Several news sources have reported on an effort, led by a small group of Orlando residents, to request the removal of the 100-year old Confederate soldier statue at Lake Eola Park.
By Pedro Luis-Geliga
Mr. David Porter, a blogger and former Orlando Sentinel columnist, said he plans to request the removal of the statue at the upcoming May 15, 2017 City Commission meeting, on the premise that the statue is a symbol of white supremacy and oppression that does not belong in an inclusive Orlando.
I am writing as the Vice-Chair of the Libertarian Party of Orange County to share our Executive Committee’s resolution that this statue stand where it is as a visible reminder of Florida’s complex history and heritage. This history must not be banished to an ignored safe space or, worse, destroyed.
It should also go without saying that, as Libertarians, we especially oppose the use of any tax dollars to remove or destroy this gift to the city.
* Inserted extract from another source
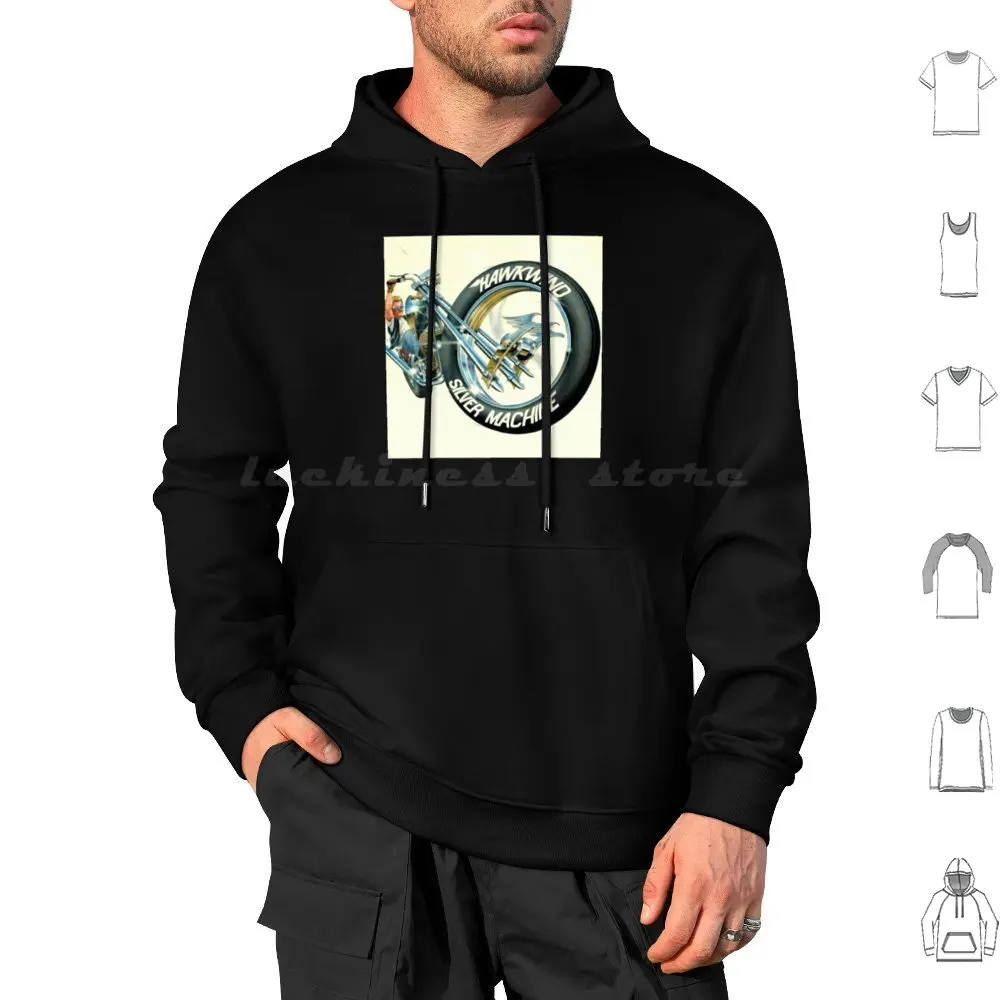 Silver Machine Hoodie cotton Long Sleeve Hawkwind Hawkwind Band Silver Machine Prog Progressive Music Dave Brock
My position may initially seem strange given my Puerto Rican heritage as a descendant of slaves. The Spaniards in Puerto Rico oppressed the native Taino Indians, the African slaves, and the first Jibaros – the “mix of all three.” Two of my great-great-grandfathers were slaves under the Spanish crown on sugar plantations in Puerto Rico. Across the Spanish Empire, this oppression lasted even longer than in the United States – slavery was not abolished until 1873.
And, as in the United States, it was not roses and sunshine for the newly freed slaves after that.
Do we then remove and sanitize the Spanish monuments in Puerto Rico, Florida, and elsewhere in the former Spanish Empire? Do we pretend that this history never existed? Of course not! That would be absurd.
As in Puerto Rico, most Floridians embrace their heritage as a former subject of the Spanish crown. I equate the Confederate monuments to these Spanish statues and memorials. They are here to remind us of that part of our history – of the good, the bad, and the ugly. And to remind us of how far we’ve come in our pursuit of individual liberty for all.
My own heritage is exactly why I advocate we must keep this history visible to confront us and challenge us.
Florida’s role in the American Civil War is complex. While Florida seceded to join the Confederate States of America, it also reflected significant Union sympathies – for example, Key West never left Union control.
Many Floridian Confederate soldiers were conscripted by force, most believing they were defending their homeland from an invasion of a tyrannical government out of control. The moral issues of the wider cause – of the evil of slavery across the country, and of the flagrant constitutional violations in the Union – overshadow but don’t remove the valor that American soldiers showed on both sides of the war.
Those who remain unaware of our history are doomed to repeat it. This memorial, and others like it, must stand to serve as a reminder of the dark period of time in which too many Americans fought and killed each other over a serious constitutional crisis.
Florida’s role in the Confederacy is an inextricable part of our history and heritage. We must learn from that history, not run from it. Keep the statue where it is to serve as one of these learning tools for future generations.
Mr. Luis Geliga has been a resident of Orange County for 26 years. He holds a Bachelors degree in Electrical Engineering from the University of Florida.